- _Brief_
The expected answer is the set of lines in the data below between the line holding "For a special" and the line holding "So debit office", inclusive, written out exactly.
_ _ _ _
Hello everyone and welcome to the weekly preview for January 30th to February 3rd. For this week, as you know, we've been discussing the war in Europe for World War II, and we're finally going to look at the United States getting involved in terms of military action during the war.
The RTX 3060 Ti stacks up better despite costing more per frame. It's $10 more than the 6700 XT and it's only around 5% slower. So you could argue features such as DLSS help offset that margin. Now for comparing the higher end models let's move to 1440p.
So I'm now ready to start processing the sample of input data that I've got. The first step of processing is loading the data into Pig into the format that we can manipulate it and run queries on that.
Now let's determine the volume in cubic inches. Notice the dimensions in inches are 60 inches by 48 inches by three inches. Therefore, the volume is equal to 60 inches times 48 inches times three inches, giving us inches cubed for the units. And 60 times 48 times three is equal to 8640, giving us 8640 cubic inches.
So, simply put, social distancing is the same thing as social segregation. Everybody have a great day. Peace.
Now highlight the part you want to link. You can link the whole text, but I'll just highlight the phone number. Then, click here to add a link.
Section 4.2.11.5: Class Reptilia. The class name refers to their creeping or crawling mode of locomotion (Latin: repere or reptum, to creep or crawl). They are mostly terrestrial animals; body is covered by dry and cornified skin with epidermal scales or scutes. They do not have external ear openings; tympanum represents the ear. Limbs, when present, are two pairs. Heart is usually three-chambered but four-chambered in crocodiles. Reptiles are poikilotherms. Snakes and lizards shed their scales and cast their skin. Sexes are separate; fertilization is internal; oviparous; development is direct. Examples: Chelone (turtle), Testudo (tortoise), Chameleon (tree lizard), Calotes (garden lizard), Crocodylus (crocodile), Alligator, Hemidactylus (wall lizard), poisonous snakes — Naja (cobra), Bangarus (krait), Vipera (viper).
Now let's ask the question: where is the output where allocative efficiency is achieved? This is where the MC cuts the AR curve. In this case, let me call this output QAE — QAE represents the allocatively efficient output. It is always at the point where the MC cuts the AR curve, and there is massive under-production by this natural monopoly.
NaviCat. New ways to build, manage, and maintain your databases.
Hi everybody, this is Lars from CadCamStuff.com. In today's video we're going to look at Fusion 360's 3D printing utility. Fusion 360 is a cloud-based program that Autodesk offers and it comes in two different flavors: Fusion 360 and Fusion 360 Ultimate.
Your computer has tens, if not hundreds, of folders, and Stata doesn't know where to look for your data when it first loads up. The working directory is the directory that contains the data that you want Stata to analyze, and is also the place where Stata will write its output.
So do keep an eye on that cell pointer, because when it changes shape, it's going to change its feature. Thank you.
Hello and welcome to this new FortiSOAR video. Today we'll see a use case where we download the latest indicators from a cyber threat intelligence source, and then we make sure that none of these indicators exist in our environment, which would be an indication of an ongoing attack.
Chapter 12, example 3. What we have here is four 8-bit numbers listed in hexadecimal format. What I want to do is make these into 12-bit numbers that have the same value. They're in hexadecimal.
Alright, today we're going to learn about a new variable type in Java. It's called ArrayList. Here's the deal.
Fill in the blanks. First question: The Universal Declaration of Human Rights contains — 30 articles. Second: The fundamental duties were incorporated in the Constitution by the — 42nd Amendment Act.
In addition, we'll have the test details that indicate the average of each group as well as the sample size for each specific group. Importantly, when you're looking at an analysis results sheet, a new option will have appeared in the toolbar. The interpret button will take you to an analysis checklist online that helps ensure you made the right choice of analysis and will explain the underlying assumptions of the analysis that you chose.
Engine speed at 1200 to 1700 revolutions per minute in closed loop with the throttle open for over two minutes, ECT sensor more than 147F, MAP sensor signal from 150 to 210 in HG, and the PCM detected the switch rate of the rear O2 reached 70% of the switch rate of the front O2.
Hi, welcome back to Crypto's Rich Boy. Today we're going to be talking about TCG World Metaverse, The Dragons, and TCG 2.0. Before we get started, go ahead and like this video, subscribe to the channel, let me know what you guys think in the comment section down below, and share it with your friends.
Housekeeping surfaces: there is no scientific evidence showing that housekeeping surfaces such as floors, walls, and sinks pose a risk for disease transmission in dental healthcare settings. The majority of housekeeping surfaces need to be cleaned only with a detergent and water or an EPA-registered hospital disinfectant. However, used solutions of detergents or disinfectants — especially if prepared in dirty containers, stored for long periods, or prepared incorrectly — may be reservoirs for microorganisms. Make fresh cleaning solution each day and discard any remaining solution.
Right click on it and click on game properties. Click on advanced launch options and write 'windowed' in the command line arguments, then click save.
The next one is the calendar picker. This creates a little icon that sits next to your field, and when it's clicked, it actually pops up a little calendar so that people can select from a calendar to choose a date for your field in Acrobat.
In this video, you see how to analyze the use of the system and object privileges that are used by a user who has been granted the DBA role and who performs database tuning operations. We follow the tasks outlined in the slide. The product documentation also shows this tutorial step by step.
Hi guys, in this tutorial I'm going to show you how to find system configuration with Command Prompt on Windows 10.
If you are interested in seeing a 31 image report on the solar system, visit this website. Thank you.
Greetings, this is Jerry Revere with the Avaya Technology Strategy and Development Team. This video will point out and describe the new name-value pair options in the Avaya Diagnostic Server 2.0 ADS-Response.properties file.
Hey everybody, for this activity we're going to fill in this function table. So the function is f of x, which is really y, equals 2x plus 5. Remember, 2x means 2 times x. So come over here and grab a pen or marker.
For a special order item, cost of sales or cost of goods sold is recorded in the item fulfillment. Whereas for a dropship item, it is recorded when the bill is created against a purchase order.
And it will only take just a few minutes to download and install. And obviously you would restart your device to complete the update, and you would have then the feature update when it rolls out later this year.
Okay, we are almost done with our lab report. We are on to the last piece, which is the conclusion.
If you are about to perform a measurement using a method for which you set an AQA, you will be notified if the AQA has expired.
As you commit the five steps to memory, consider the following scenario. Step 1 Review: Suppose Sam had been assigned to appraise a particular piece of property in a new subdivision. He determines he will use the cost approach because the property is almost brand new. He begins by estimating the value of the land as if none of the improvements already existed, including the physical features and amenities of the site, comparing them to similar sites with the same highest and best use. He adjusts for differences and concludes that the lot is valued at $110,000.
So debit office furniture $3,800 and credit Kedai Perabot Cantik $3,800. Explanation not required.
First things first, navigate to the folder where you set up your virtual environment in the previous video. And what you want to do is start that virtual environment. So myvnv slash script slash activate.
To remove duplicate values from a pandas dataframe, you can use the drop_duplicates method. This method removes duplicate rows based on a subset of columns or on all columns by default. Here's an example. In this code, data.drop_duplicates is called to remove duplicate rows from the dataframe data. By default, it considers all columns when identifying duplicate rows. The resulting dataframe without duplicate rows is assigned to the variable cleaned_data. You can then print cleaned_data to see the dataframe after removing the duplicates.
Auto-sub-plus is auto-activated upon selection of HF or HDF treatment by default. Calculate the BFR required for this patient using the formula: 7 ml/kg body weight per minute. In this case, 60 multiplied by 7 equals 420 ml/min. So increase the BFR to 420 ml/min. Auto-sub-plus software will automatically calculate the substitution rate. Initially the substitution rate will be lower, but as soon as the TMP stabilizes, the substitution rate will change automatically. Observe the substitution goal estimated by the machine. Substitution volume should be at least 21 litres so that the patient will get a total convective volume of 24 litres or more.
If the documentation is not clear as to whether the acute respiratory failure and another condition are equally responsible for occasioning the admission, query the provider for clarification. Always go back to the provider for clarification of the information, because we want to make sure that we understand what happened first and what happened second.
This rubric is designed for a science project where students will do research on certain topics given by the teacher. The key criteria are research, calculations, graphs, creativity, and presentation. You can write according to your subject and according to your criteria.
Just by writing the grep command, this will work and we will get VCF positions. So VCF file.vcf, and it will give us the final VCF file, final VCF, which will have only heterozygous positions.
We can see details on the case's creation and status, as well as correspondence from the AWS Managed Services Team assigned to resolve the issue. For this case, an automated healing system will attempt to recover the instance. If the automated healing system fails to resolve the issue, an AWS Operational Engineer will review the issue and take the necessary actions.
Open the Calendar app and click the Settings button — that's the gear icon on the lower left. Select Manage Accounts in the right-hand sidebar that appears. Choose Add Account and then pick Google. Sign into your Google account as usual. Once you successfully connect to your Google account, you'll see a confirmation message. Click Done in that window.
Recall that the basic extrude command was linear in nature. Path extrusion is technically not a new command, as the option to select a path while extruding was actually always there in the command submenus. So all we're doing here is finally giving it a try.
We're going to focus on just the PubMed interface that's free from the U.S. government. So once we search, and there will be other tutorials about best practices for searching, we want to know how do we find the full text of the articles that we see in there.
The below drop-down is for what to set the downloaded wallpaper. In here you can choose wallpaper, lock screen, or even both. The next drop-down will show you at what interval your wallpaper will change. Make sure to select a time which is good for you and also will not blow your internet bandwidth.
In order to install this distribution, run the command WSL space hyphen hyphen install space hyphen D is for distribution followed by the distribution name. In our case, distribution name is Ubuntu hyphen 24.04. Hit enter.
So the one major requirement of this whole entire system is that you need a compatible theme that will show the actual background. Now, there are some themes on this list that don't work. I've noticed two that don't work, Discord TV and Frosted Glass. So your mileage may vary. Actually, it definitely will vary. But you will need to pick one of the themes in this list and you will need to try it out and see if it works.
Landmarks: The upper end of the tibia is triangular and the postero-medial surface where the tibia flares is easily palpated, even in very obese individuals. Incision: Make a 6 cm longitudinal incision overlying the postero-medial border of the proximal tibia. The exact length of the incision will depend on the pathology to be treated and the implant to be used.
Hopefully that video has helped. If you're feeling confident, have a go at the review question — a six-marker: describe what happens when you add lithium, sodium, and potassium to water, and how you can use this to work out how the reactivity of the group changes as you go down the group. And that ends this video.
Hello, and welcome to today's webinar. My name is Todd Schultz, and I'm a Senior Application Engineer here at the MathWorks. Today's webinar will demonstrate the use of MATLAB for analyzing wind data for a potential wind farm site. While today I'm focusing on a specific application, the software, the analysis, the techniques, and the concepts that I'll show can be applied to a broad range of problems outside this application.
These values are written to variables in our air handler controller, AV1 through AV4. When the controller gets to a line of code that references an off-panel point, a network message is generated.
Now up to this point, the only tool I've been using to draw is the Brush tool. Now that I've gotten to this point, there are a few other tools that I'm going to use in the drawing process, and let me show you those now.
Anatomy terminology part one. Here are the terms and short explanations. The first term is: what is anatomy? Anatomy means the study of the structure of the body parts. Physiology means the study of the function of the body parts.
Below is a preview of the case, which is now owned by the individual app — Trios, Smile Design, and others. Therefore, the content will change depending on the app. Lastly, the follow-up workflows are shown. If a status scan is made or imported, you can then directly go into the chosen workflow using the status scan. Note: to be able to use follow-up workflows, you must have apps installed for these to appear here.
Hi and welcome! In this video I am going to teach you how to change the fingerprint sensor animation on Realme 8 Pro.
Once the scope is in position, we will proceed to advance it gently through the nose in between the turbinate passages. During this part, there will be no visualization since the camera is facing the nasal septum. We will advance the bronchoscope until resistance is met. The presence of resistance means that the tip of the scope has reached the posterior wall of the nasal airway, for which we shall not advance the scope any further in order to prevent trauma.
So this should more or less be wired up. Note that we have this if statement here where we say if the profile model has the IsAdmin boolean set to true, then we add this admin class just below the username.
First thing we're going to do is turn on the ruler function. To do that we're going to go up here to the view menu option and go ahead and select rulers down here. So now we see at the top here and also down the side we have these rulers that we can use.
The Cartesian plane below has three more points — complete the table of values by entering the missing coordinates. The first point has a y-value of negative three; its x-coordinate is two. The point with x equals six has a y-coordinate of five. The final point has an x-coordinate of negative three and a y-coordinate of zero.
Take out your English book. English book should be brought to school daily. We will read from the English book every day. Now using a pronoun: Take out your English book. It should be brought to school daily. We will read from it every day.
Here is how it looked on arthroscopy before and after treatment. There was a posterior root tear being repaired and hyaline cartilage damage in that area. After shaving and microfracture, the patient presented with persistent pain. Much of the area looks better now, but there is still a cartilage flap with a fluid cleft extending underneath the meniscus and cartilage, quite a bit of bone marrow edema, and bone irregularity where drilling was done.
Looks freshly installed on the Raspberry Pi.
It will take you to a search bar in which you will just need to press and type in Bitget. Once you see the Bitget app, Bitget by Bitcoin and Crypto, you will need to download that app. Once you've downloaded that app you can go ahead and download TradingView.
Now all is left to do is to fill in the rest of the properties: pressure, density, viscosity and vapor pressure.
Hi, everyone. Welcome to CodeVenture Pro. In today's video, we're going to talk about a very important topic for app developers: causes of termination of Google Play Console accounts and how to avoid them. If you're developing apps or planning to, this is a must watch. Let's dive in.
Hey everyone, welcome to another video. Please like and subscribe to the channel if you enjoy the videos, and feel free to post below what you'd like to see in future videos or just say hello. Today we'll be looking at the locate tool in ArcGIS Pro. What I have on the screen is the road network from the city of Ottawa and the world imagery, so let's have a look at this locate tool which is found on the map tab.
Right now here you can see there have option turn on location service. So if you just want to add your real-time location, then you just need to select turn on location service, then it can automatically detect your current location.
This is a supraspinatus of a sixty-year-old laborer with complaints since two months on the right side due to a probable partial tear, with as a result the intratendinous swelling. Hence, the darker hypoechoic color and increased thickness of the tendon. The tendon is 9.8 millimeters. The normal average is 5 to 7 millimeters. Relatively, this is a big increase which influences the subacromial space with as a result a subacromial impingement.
_ _ _ _
- _Reply_
For a special order item, cost of sales or cost of goods sold is recorded in the item fulfillment. Whereas for a dropship item, it is recorded when the bill is created against a purchase order.
And it will only take just a few minutes to download and install. And obviously you would restart your device to complete the update, and you would have then the feature update when it rolls out later this year.
Okay, we are almost done with our lab report. We are on to the last piece, which is the conclusion.
If you are about to perform a measurement using a method for which you set an AQA, you will be notified if the AQA has expired.
As you commit the five steps to memory, consider the following scenario. Step 1 Review: Suppose Sam had been assigned to appraise a particular piece of property in a new subdivision. He determines he will use the cost approach because the property is almost brand new. He begins by estimating the value of the land as if none of the improvements already existed, including the physical features and amenities of the site, comparing them to similar sites with the same highest and best use. He adjusts for differences and concludes that the lot is valued at $110,000.
So debit office furniture $3,800 and credit Kedai Perabot Cantik $3,800. Explanation not required.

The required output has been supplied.